Exercise inputs ->
* * * * *

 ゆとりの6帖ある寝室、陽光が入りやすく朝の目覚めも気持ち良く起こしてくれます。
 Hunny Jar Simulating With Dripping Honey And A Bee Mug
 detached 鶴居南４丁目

* * * * *

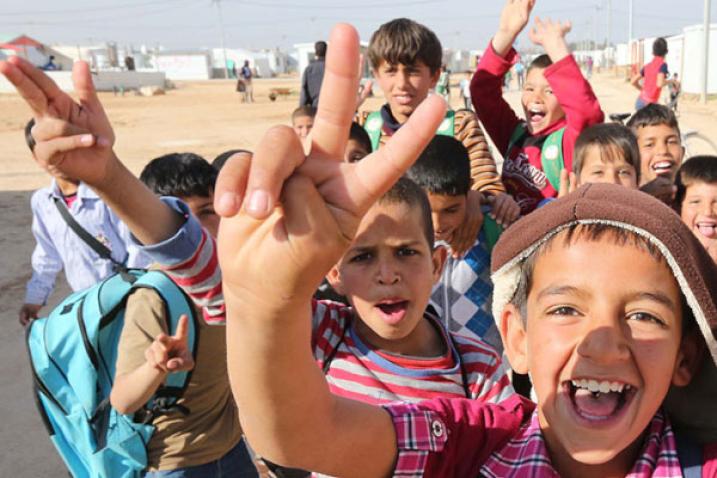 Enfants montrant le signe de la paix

* * * * *

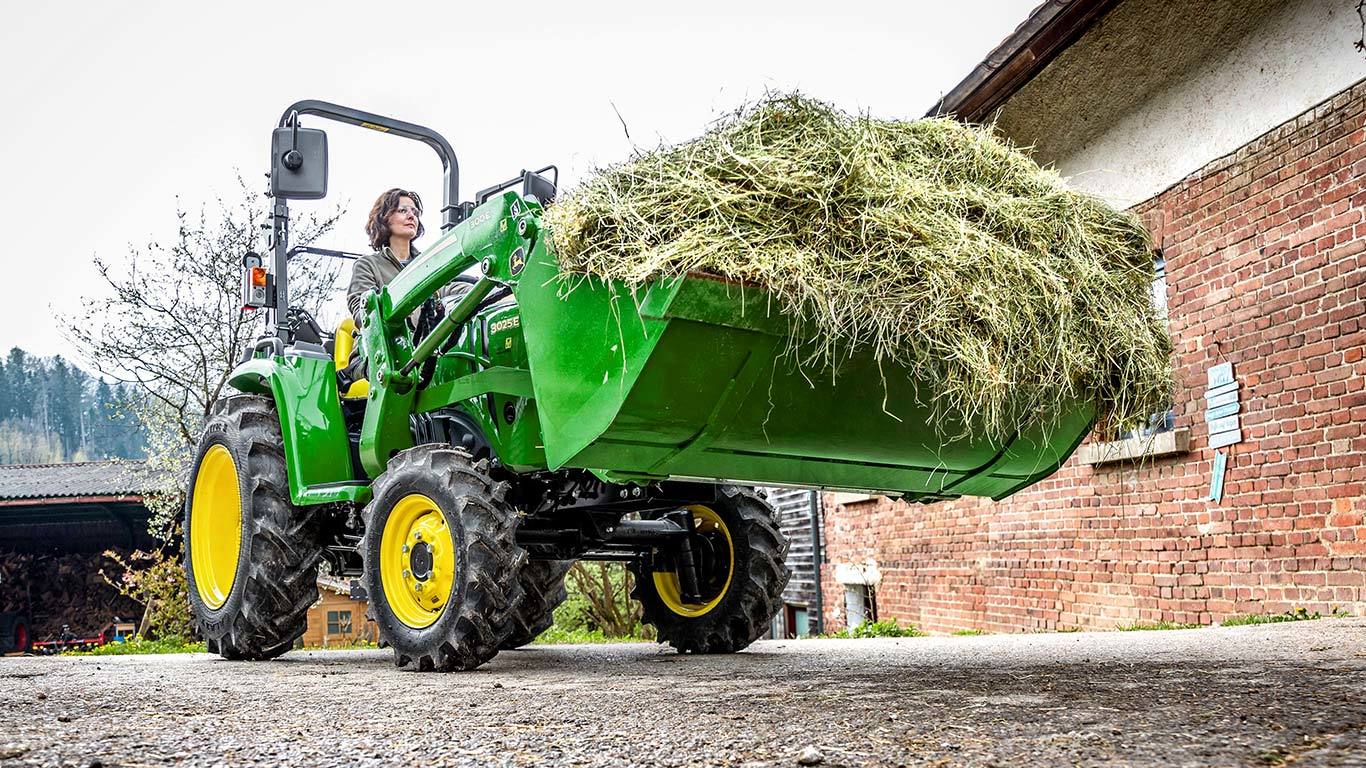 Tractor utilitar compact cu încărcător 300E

* * * * *

Exercise directions -> Extract the lines of the preceding material that run from the line with "ゆとりの6帖ある寝室、陽光が" through the line with "detached 鶴居南４丁目", inclusive, reproducing them exactly and adding nothing.

Exercise response ->
 ゆとりの6帖ある寝室、陽光が入りやすく朝の目覚めも気持ち良く起こしてくれます。
 Hunny Jar Simulating With Dripping Honey And A Bee Mug
 detached 鶴居南４丁目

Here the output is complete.